As the global economy becomes increasingly fragmented, J.P. Morgan Asset Management expects more cost shocks. As a result, investor diversification must include alternatives that offer real inflation protection. Learn more about it in the latest edition of the «Guide to the Markets».

 J.P. Morgan Asset Management’s «Guide to the Markets» provides client advisors and professional investors with targeted support for making the best investment decisions. 

Bonds are Back for Income and Diversification

Bond markets got a little over-optimistic earlier in the year about the prospect of imminent rate cuts, but have now reset back to more compelling valuations (Guide to the Markets – Europe page 67). Once again we can rely on core bonds to provide portfolio income and diversification from disinflationary shocks (page 70).

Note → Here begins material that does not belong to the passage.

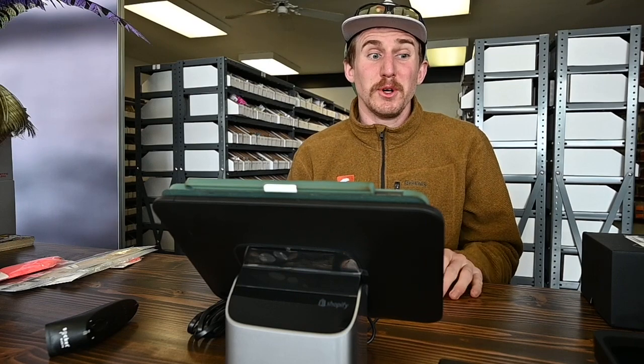How's it going everybody, Josh here from Spawn Fly Fish and we are back with another installment of our weekly update. We got a lot of new stuff going on this week.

Staying Quality-Focused and Defensive in Stocks

Most developed world stocks are at or above historical average valuations on forward earnings forecasts that look a little optimistic given our expectations of weaker growth ahead (page 48). For that reason, we would look to focus on the quality segment of the market and dividend-paying stocks that are likely to be able to maintain dividends given low payout ratios (pages 53 and 51).

Don’t Let 2022 Recede Too Far From Memory

2022 was a painful reminder that cost shocks are as damaging for bonds as they are for stocks (page 70). With a more fragmented global economy dealing with challenges such as the energy transition, our expectation is for more frequent cost shocks (pages 85 and 87).

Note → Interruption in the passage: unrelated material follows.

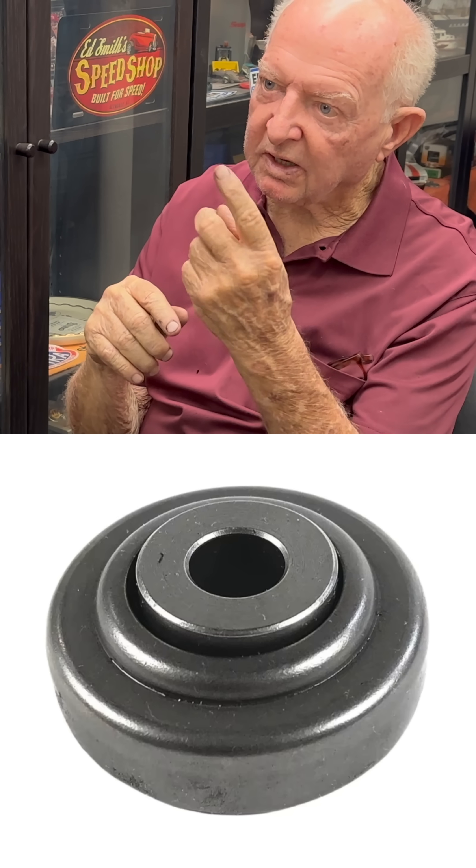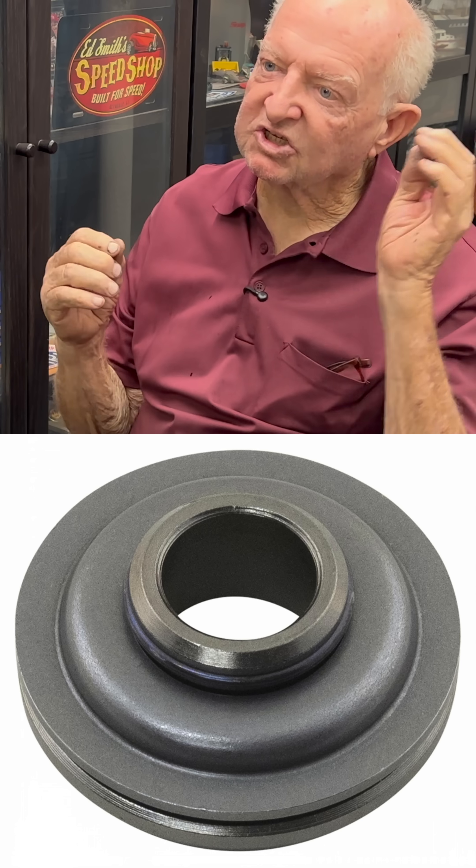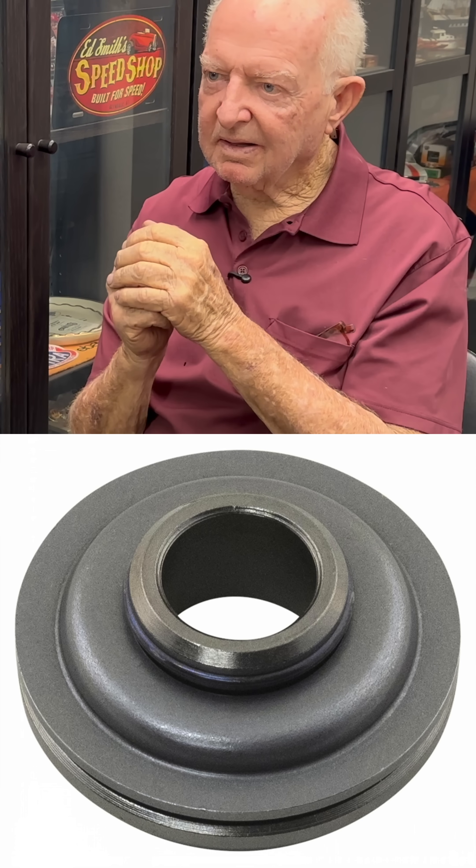The cam is offset and it makes the push rod rotate, but that's got nothing to do with the valve. You've still got the valve on a stem with a rocker arm on it, and that's a little bit off center too. That off center will make the valve rotate — just slightly, just a little bit.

Diversification therefore needs to go beyond bonds to alternatives, such as core infrastructure and timber, which can provide genuine inflation protection (page 78).

Cash is Unlikely to be King

Investors face temptingly high cash rates, particularly given the numerous uncertainties ahead. However, we are increasingly confident that we are near peak rates (page 9). Following the peak in a Federal Reserve hiking cycle, bonds have outperformed cash on a two-year horizon in every instance over the last 35 years (page 73).